RARELY has England felt so divided. Politically, socially and economically, there have been times in the last couple of years when it has felt as though the country has been tearing itself apart. As if to underline the point, in the last 48 hours, it has felt as though the Government itself has been coming apart at the seams.

The Brexit vote has unleashed a torrent of difficult questions about who we are and what we want to be. Right against left, north against south, Brexiteer against remainer, the notion of one overarching English identity has been ripped apart by a series of diametrically-opposed traits.

What is there that brings us together anymore? Definitely not politics, as confirmed by this week’s events in the Palace of Westminster. Not really culture, with rampant globalisation having changed the way we live our lives. Food? Music? A shared world view? It’s hard to pin down what’s distinctly English about any of those.

Perhaps that’s why over the last decade or so, the notion of English nationalism has developed a distasteful relationship with the far right. In the absence of anything positive to latch on to, negative connotations of nationalism have been able to take hold.

Unlike nationalist movements in Scotland and Wales, which are portrayed as progressive, civic and inclusive, English nationalism has been hijacked by the bigots of the far right for their own divisive ends.

Yet it doesn’t have to be that way. At 7pm tomorrow, in Moscow’s Luzhniki Stadium and in pubs, community centres and living rooms the length and breadth of the land, we will experience a shared sense of Englishness that should make us all proud. Together, as one, we will celebrate or commiserate as 11 English footballers attempt to make the World Cup final. For 90 heart-stopping minutes – or this being England, 120 heart-stopping minutes plus another quarter-of-an-hour or so for penalties – we will be a unified nation once more.

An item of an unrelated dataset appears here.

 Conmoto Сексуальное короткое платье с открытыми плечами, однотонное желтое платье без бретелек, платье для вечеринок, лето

“There’s been a connection with the team from the people of England,” said boss Gareth Southgate, in an interview with ITV. “I think what I’ve sensed over the last few years is that the country have wanted something to unite them.

“There have been some difficult moments for us as a country, and some questions for us to answer as a country, and the power of sport to unite is often the thing that brings people together. Of course football is the biggest of all sports, and the World Cup is the biggest of all football events, so to have been able to have had a positive impact on everybody back home and get them on the same page, even if only for brief moments of enjoyment and happiness, is very special.”

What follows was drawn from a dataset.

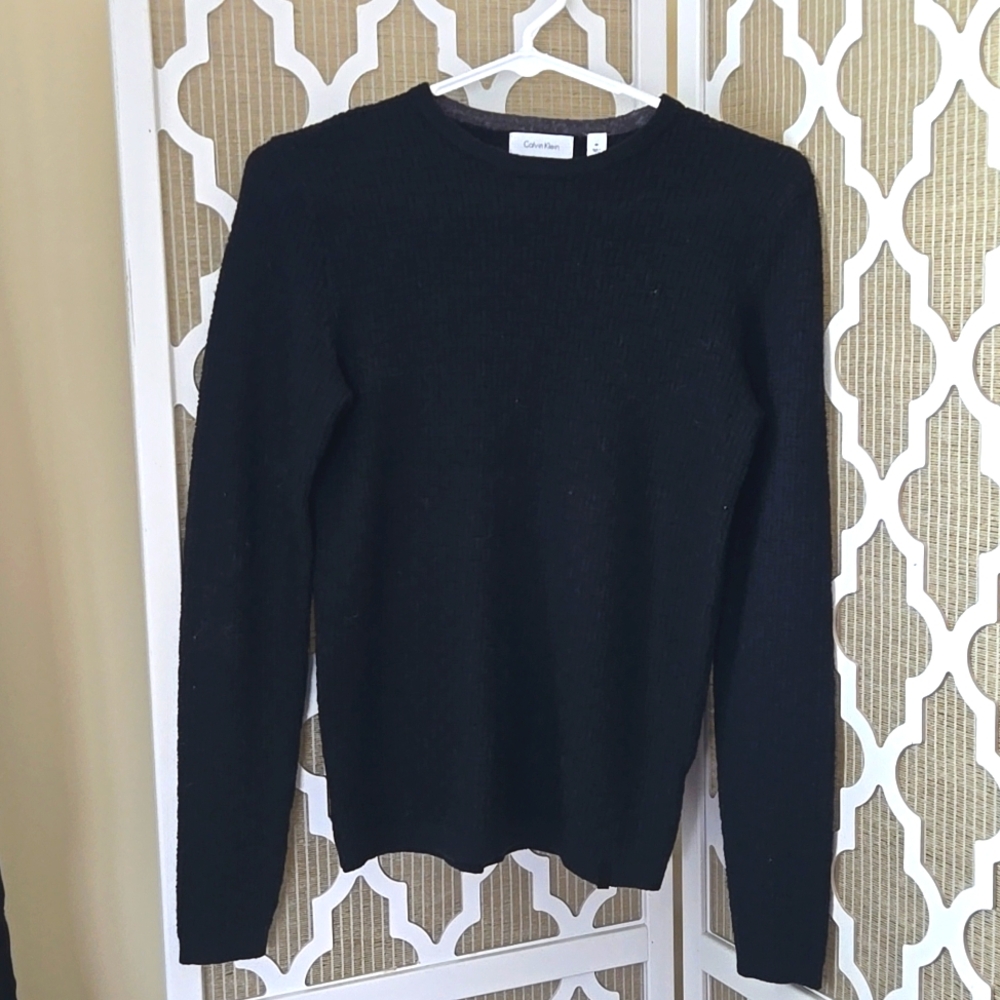 Calvin Klein Black Crewneck Mens Sweater Classic Knit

Who’d have thought a former Middlesbrough manager would be a more eloquent advocate of English patriotism than the politicians who have this week put personal vanity ahead of the national cause?

Southgate gets what the England team means and understands what his players have achieved no matter what happens in tonight’s game with Croatia.

Take last weekend for example, a sun-kissed couple of days when the nation celebrated as one as England achieved their best World Cup result for almost three decades.

From the tiniest of villages, with fans crammed into their local pub, to the huge open-air screens that turned city centres into a series of giant singalongs, there was a communal sense of belonging. We’re in this together, and football’s coming home.

It helps that the current England team presents such a positive view of the country it represents. After the failings of the supposedly ‘golden generation’, when personal fame and fortune appeared to trump the team collective, we are enjoying watching a humble, grounded set of predominantly young players who clearly the relish the chance to play on the world stage.

Geographically well spread in terms of their upbringing, and ethnically diverse, this is a group of players who truly represent us all. They speak of an ambitious, dynamic and welcoming England, comfortable in its own skin and not feeling the need to throw up barriers to create division.

Surely that’s the kind of country we’d all like to live in, and it helps explain why the successes of Southgate and his squad have struck such a chord.

Amid all the mess of the ‘real world’, football has provided a fantastic diversion. As Southgate stated, that is what sport can do, and it is surely no coincidence that the last similar swelling of national pride came during the London Olympics of 2012.

That came wrapped in the flag of Team GB, this time it is English nationalism receiving a shot in the arm. Whatever happens next, it is to be hoped the reawakening endures.